● Exercise data:
··········

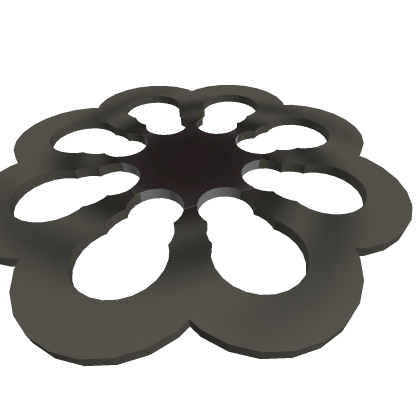 Spawn Point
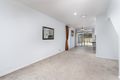 Property photo of 31 Lookout Circuit Stanhope Gardens NSW 2768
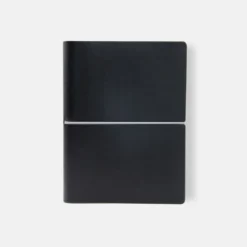 Ciak 2027 Classic Daily Planner (3 Sizes)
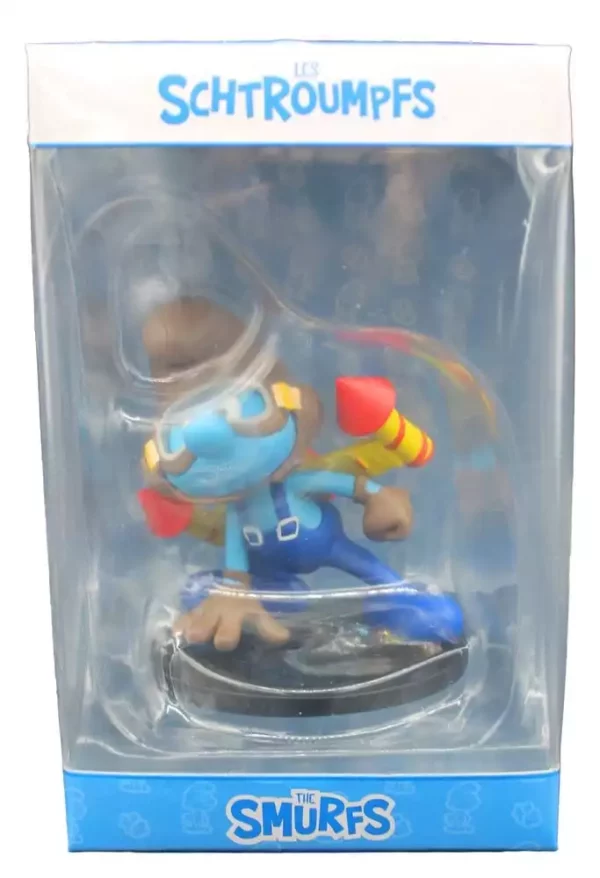 the-smurfs-statue-jetpack-smurf-10-cm-1784883887-2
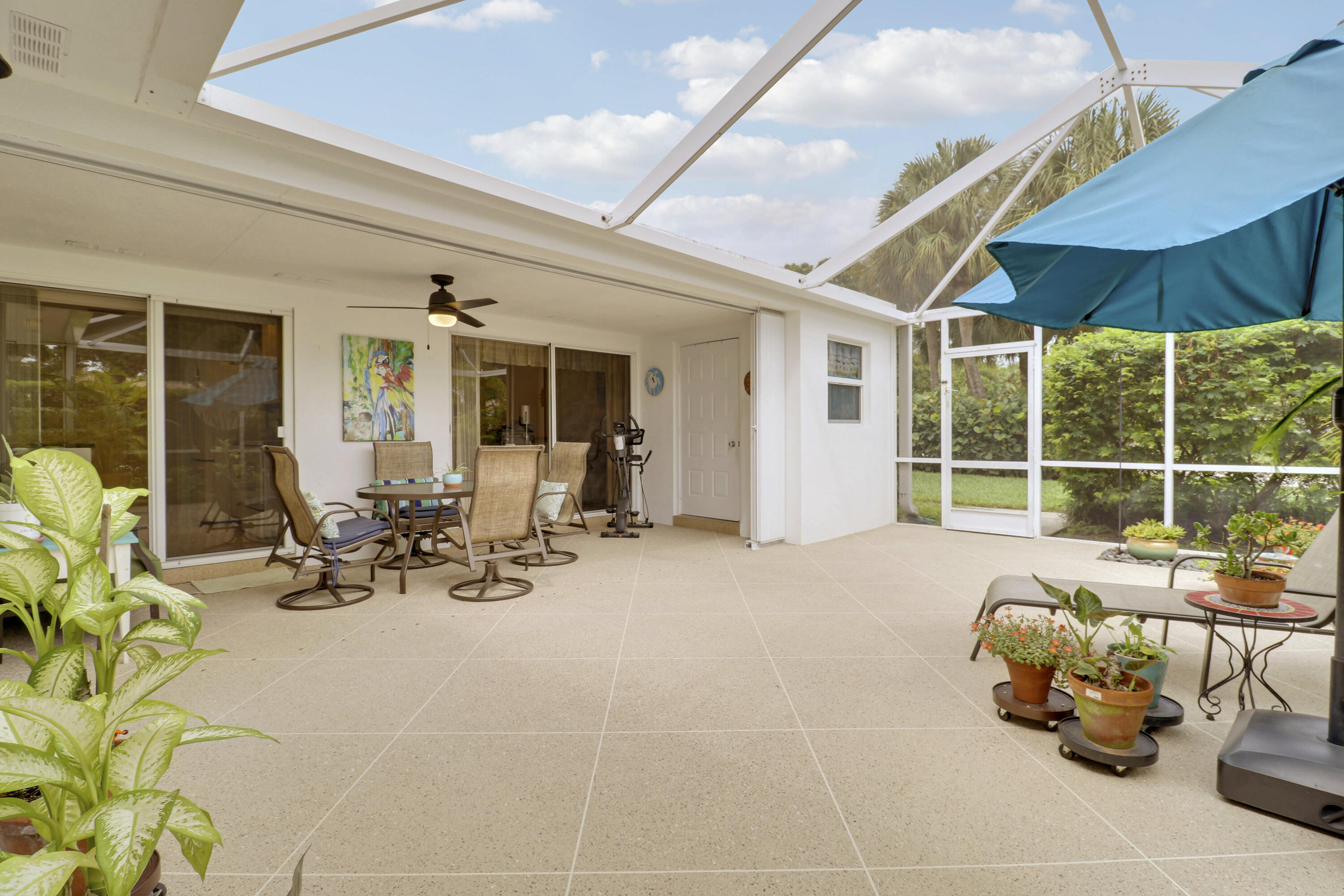 10301 Chapman Oak Court Property Photo 24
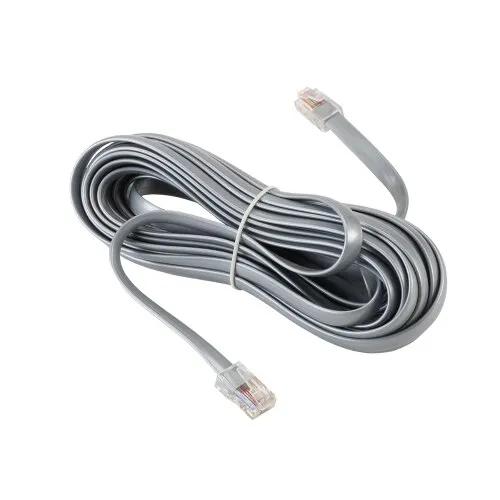 Federal Signal - TARZ146903B - Z146903B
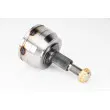 Embout de cardan avant (kit de réparation) PASCAL G1W035PC - Visuel 2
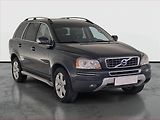 Volvo XC90 (2010) D5, 4X4, Automat, 7 míst - náhled 1
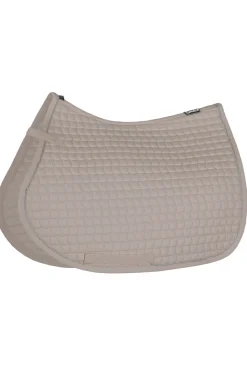 COTTON SILVER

··········

● Task prompt:
Repeat the data verbatim through the "Federal Signal - TARZ146903B - Z146903B" line, no pictures.

● Response area:
 Spawn Point
 Property photo of 31 Lookout Circuit Stanhope Gardens NSW 2768
 Ciak 2027 Classic Daily Planner (3 Sizes)
 the-smurfs-statue-jetpack-smurf-10-cm-1784883887-2
 10301 Chapman Oak Court Property Photo 24
 Federal Signal - TARZ146903B - Z146903B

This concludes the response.